== TASK ITEM ==
The answer must be a single number: the count of lines below that contain the string "Shirt".

== PROVIDED DATA ==
↓↓↓

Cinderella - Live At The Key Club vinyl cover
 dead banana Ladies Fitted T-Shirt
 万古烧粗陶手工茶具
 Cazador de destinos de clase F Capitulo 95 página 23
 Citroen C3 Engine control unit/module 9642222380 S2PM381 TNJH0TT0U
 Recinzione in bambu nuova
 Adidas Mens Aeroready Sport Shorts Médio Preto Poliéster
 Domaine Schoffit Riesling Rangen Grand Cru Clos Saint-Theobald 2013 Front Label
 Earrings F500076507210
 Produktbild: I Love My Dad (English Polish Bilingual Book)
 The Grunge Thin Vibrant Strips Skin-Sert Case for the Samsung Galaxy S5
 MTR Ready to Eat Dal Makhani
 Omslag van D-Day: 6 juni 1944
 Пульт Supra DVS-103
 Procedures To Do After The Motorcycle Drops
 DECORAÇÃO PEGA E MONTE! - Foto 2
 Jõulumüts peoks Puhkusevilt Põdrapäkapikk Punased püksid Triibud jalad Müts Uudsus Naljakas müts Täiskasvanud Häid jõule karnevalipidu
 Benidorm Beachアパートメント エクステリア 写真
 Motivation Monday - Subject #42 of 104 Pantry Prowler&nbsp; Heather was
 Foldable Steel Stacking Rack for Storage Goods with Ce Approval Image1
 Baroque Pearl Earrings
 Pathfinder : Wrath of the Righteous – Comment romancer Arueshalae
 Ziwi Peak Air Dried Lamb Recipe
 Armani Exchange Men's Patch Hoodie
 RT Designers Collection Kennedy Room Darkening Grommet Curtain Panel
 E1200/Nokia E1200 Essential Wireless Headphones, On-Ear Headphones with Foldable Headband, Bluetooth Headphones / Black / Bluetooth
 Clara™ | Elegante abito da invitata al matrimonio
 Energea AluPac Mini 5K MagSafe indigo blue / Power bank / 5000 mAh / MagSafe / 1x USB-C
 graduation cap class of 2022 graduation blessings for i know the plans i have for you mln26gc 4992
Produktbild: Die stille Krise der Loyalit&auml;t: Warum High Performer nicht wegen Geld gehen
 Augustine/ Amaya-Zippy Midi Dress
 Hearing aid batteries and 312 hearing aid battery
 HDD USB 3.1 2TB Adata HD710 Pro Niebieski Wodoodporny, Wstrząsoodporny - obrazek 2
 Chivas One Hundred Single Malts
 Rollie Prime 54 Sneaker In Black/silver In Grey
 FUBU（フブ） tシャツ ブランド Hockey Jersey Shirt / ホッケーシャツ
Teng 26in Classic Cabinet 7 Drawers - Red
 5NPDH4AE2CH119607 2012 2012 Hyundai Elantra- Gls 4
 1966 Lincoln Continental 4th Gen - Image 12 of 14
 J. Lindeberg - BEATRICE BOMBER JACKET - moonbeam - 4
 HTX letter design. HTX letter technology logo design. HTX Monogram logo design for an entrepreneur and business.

↑↑↑

== RESULT ==
2